◆ Your objective ◆
Write out the entries below once more, exactly, with the pictures left out.

◆ Captioned web image data ◆
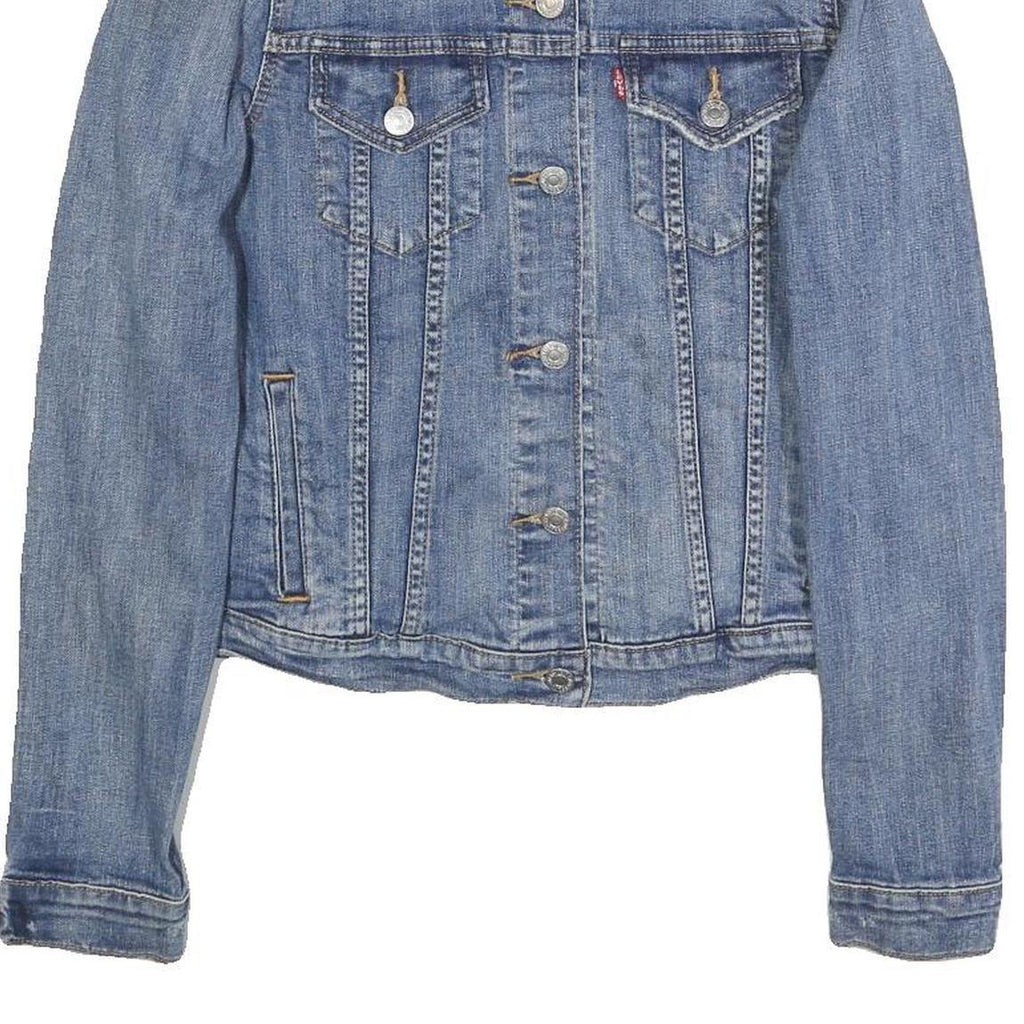 LEVI'S Womens Blue Denim Jacket M Cotton Blend Classic Button Closure
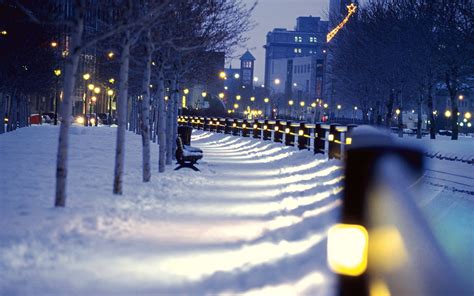 Cityscape City Winter Night Snow Wallpapers Hd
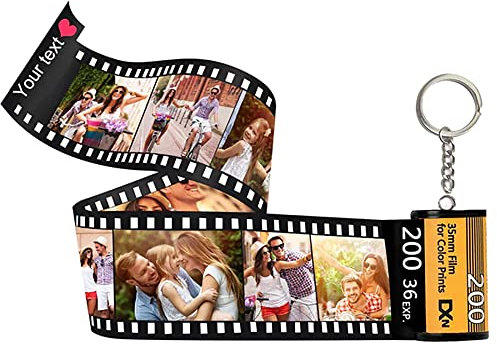 VEELU Porte Clé Personnalisée avec Photo Rouleau de Film Caméra Colorée Porte-clés Multiphoto Personnalisé Album Photo Rétro Vintage Cadeau Personnalisable La Saint Valentin Couple Anniversaire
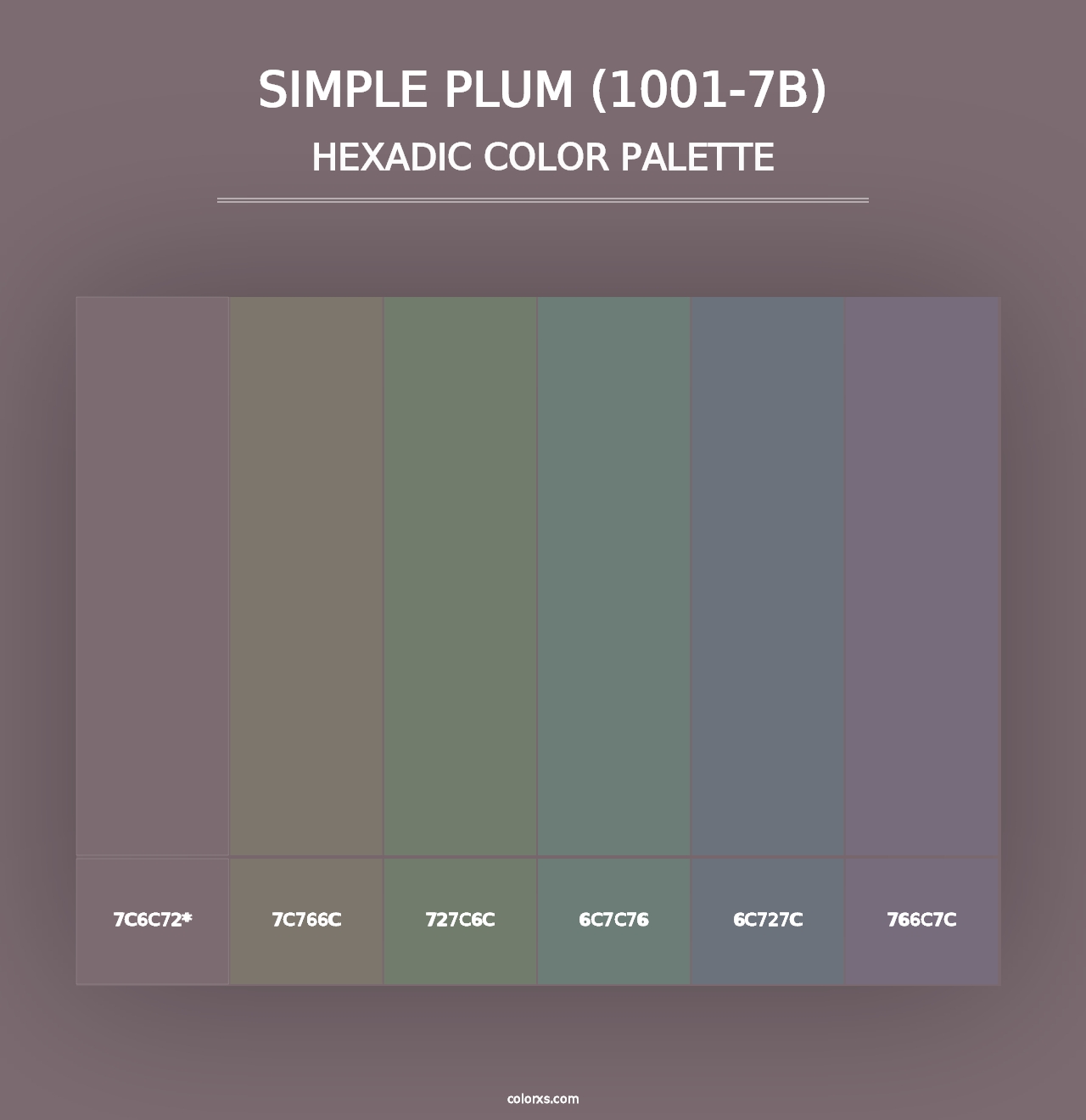 Simple Plum (1001-7B) - Hexadic Color Palette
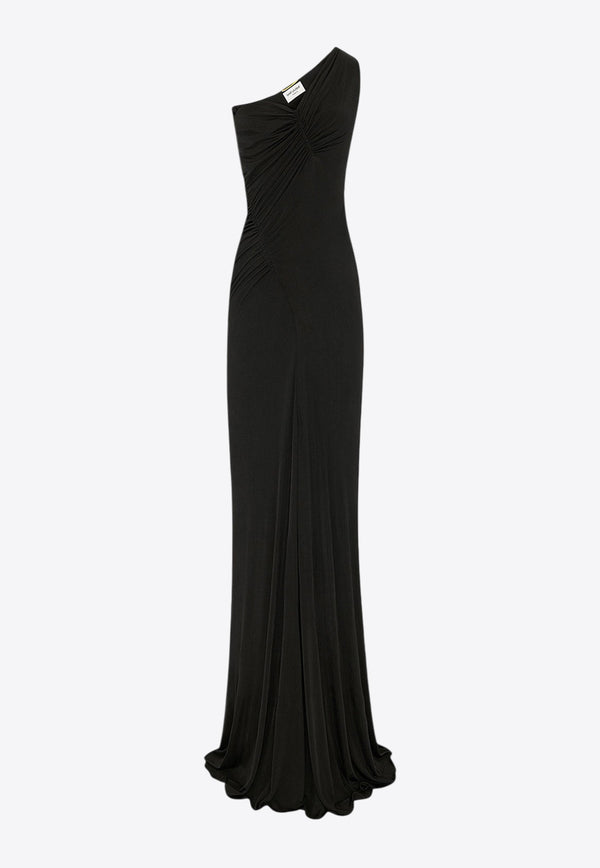 Saint Laurent One-Shoulder Ruched Maxi Dress 733150Y7F98_1000_Black_29854347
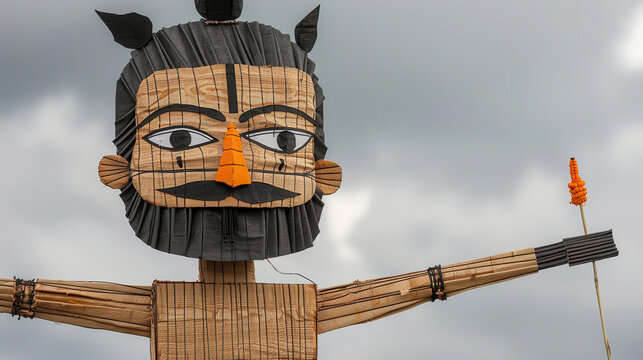 Eco-friendly Ravana effigy made from natural materials, with artisans working collaboratively under a green initiative banner during the Dussehra festival.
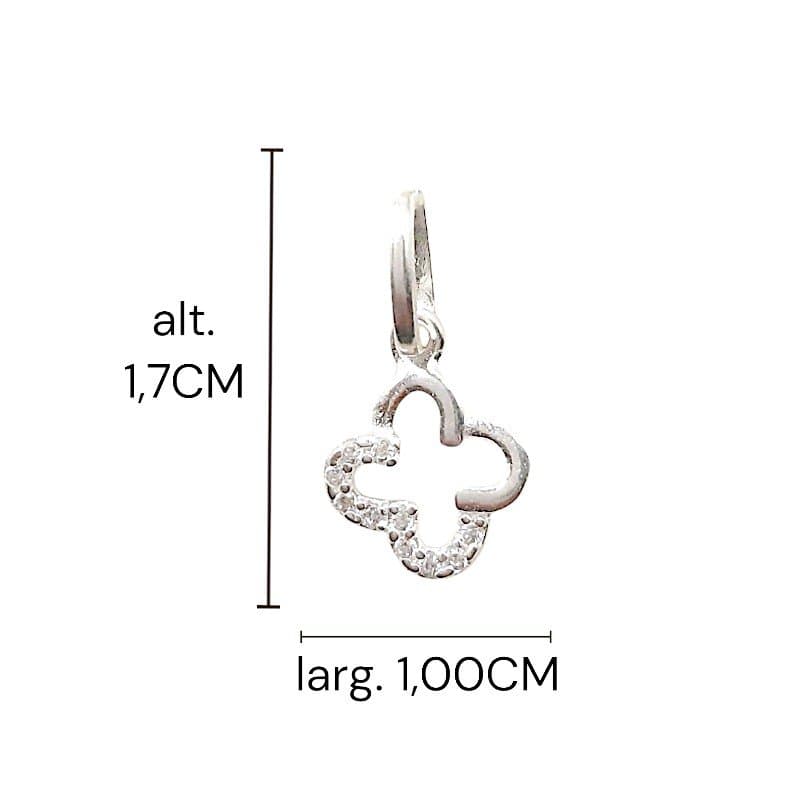 Pingente Trevinho Cravejado Lateral Prata 925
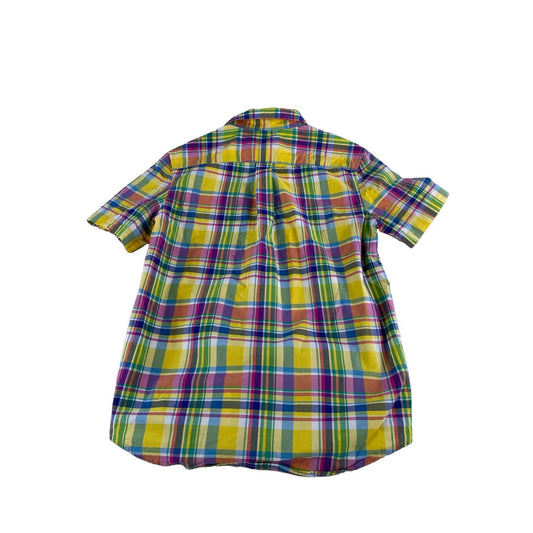Boys Polo Ralph Lauren Multicolored Plaid Button Down Shirt Size Large
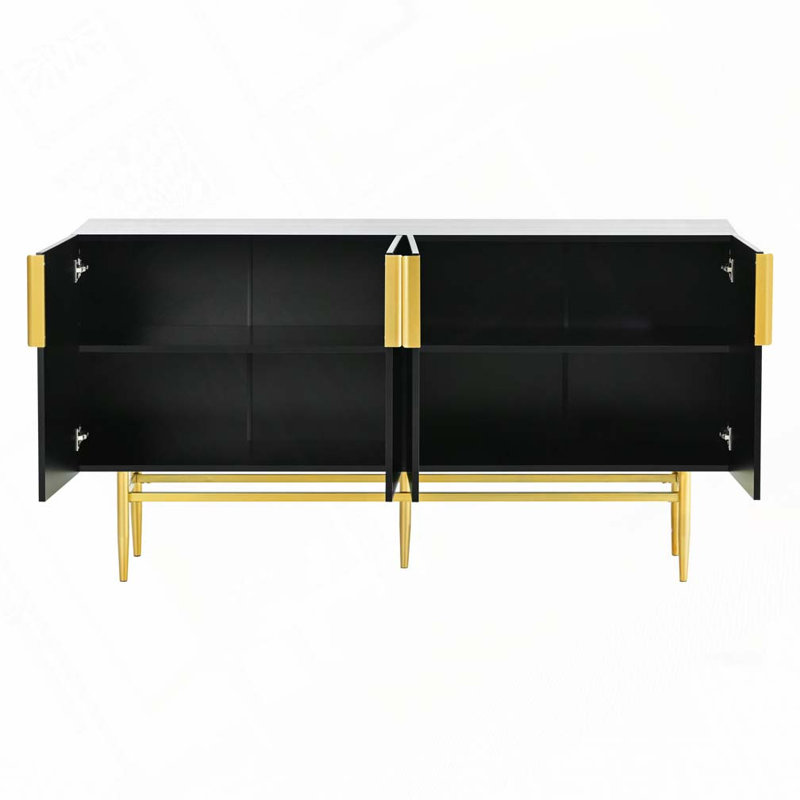 Armoire de rangement 4 portes, Noir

◆ Answer box ◆
 LEVI'S Womens Blue Denim Jacket M Cotton Blend Classic Button Closure
 Cityscape City Winter Night Snow Wallpapers Hd
 VEELU Porte Clé Personnalisée avec Photo Rouleau de Film Caméra Colorée Porte-clés Multiphoto Personnalisé Album Photo Rétro Vintage Cadeau Personnalisable La Saint Valentin Couple Anniversaire
 Simple Plum (1001-7B) - Hexadic Color Palette
 Saint Laurent One-Shoulder Ruched Maxi Dress 733150Y7F98_1000_Black_29854347
 Eco-friendly Ravana effigy made from natural materials, with artisans working collaboratively under a green initiative banner during the Dussehra festival.
 Pingente Trevinho Cravejado Lateral Prata 925
Boys Polo Ralph Lauren Multicolored Plaid Button Down Shirt Size Large
 Armoire de rangement 4 portes, Noir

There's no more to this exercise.